» **Problem**
From the first line of the data down to and including the line with "And now the second", copy everything exactly, leaving out pictures.

» **Listed records**
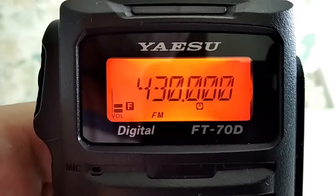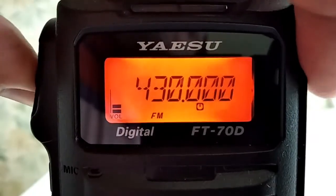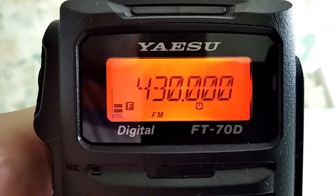You can see it now on the screen. We select 12.5 kHz steps, and we start to scan.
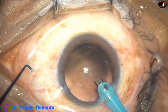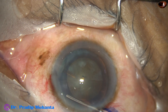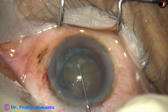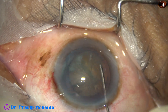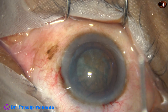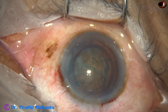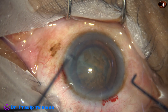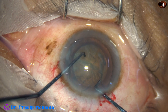And now the second video clip. Hydro-dissection is done, the nucleus is stabbed, the nucleus is rotated, the anterior chamber is filled up with visco — that is 2% HPMC. And now the pre-chopper and the sustainer are taken.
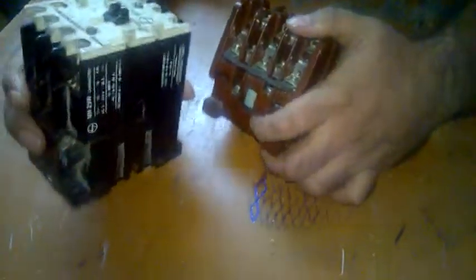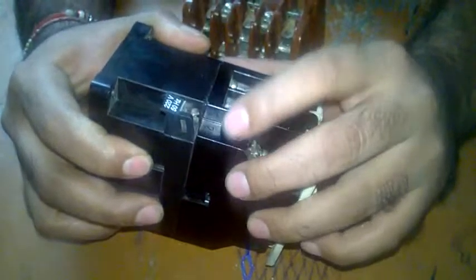One important difference: this contactor operates on single phase voltage. You can see it is written 220 volt — that means the control supply is single phase. The control terminals are A1 and A2. The other contactor operates on 415 volts, with A1 and A2 terminals as well.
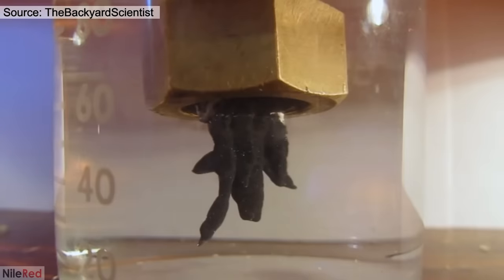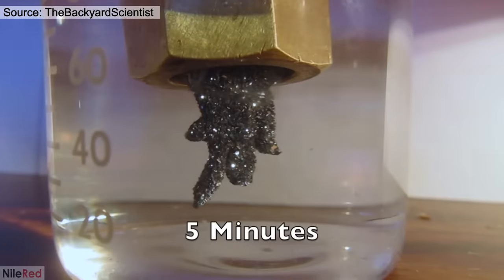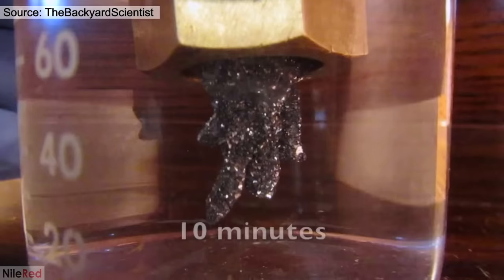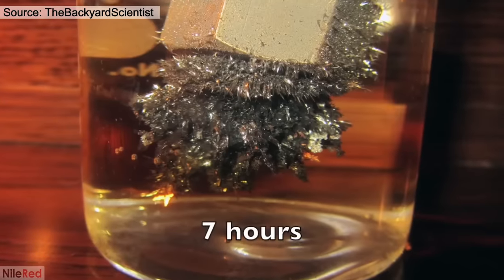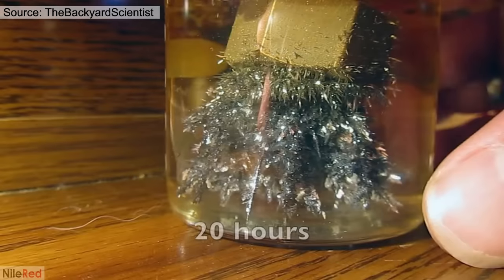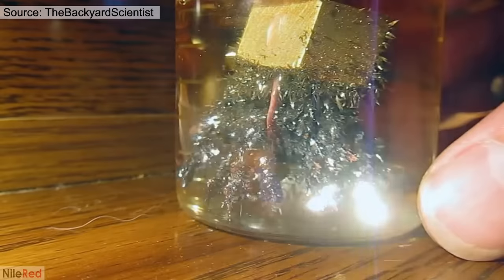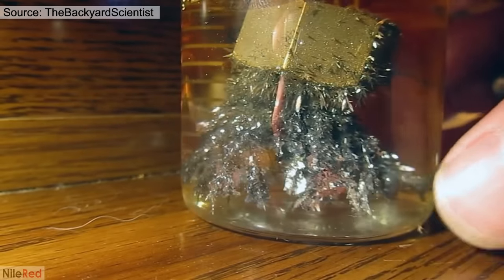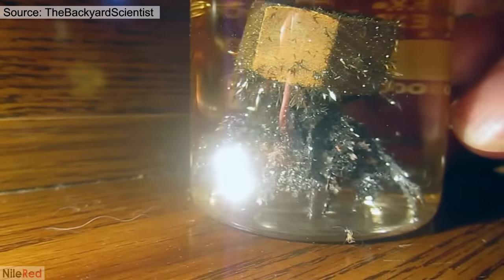A while ago, I saw a cool video by the Backyard Scientist and I decided to try it for myself. It's a very old and relatively simple experiment, but it's still quite interesting. When a piece of zinc is added to a solution of a soluble lead salt, crystals of lead metal will start to form. Early chemists called this the tree of Saturn because they believed there was a connection between planets and metals, and they associated lead with Saturn.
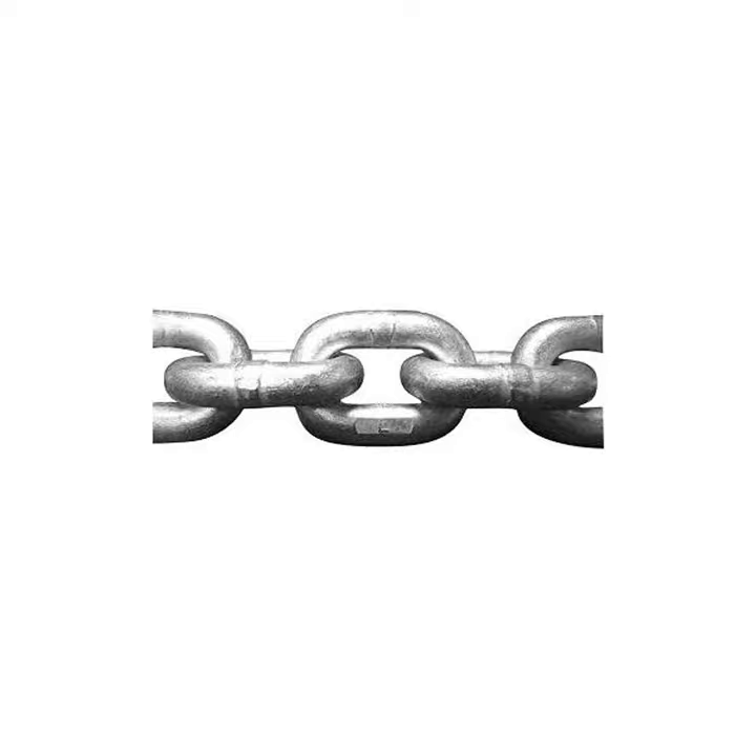I'm spending somewhere in the vicinity of $3,000 to $5,000 in New Zealand to replace my chain, and I want a chain that's going to last 20 years minimum. Cruising the Pacific and the islands is abrasive on chain — it's hard work. It gives your chain a real workout in coral, coral sands, rock, and everywhere else you're anchoring. Occasionally you get a nice sandy bottom, but it's not always the case.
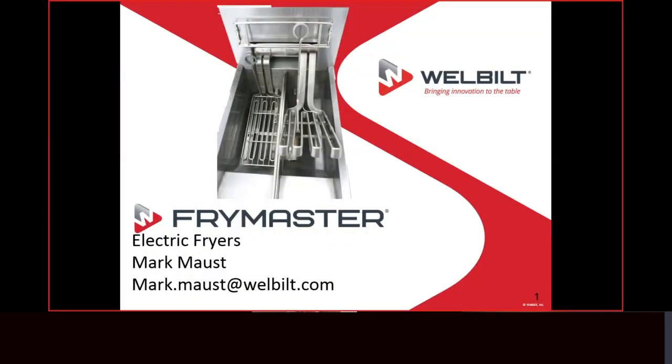We're going to go ahead and get started. Just a reminder, please put your microphones on mute.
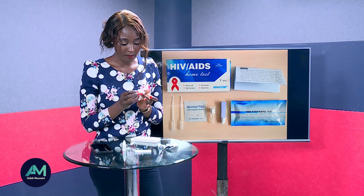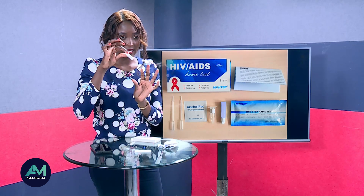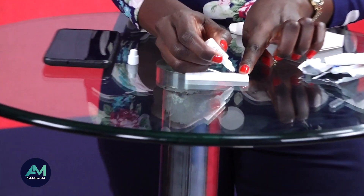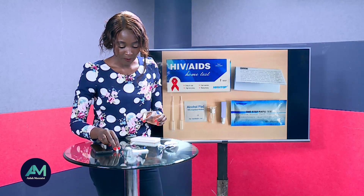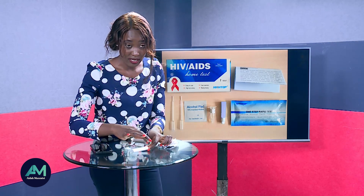Now we are going to use the blood diluter liquid. Open it and do two drops right here on the test: one drop and two. This just helps in diluting the blood. You can see the blood is already diffusing into the tester.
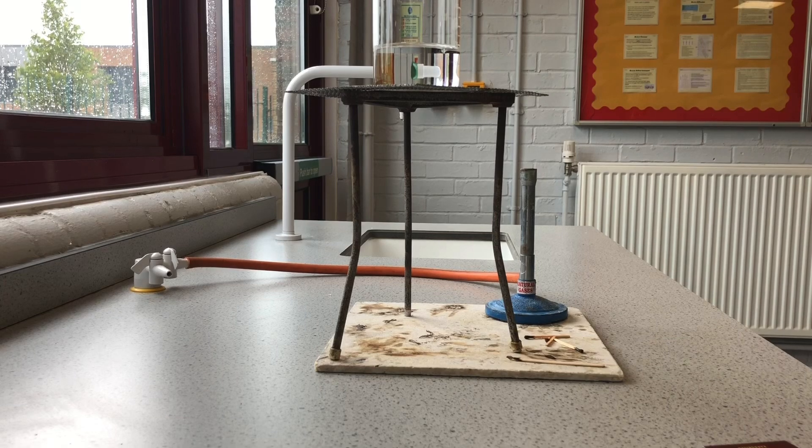So that's our first basic lesson in how to use a Bunsen burner. Hopefully you found that exciting and it's made you excited to join us in September. Thank you.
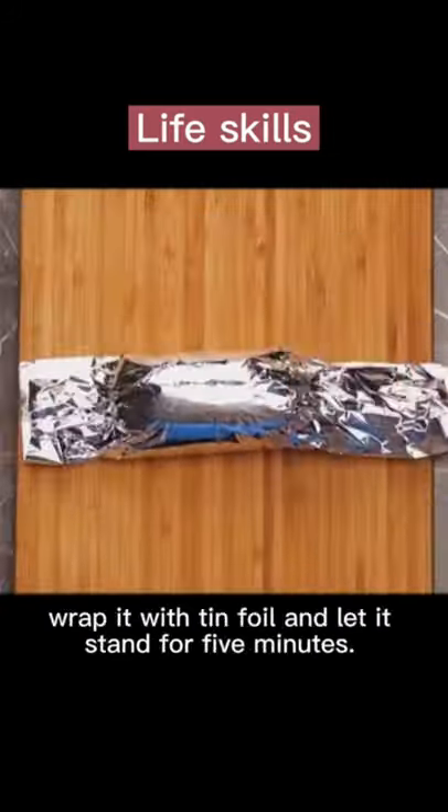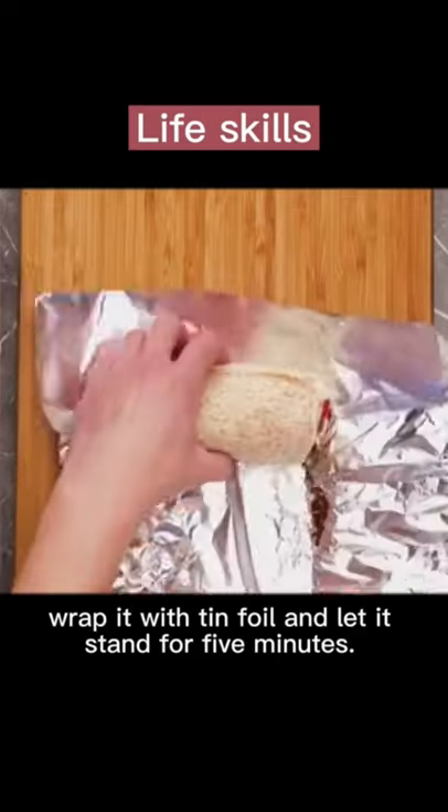Brush it with chocolate sauce, cream and jam. Roll it up. Wrap it with tin foil and let it stand for five minutes.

» **Response below**
You can see it now on the screen. We select 12.5 kHz steps, and we start to scan.
And now the second video clip. Hydro-dissection is done, the nucleus is stabbed, the nucleus is rotated, the anterior chamber is filled up with visco — that is 2% HPMC. And now the pre-chopper and the sustainer are taken.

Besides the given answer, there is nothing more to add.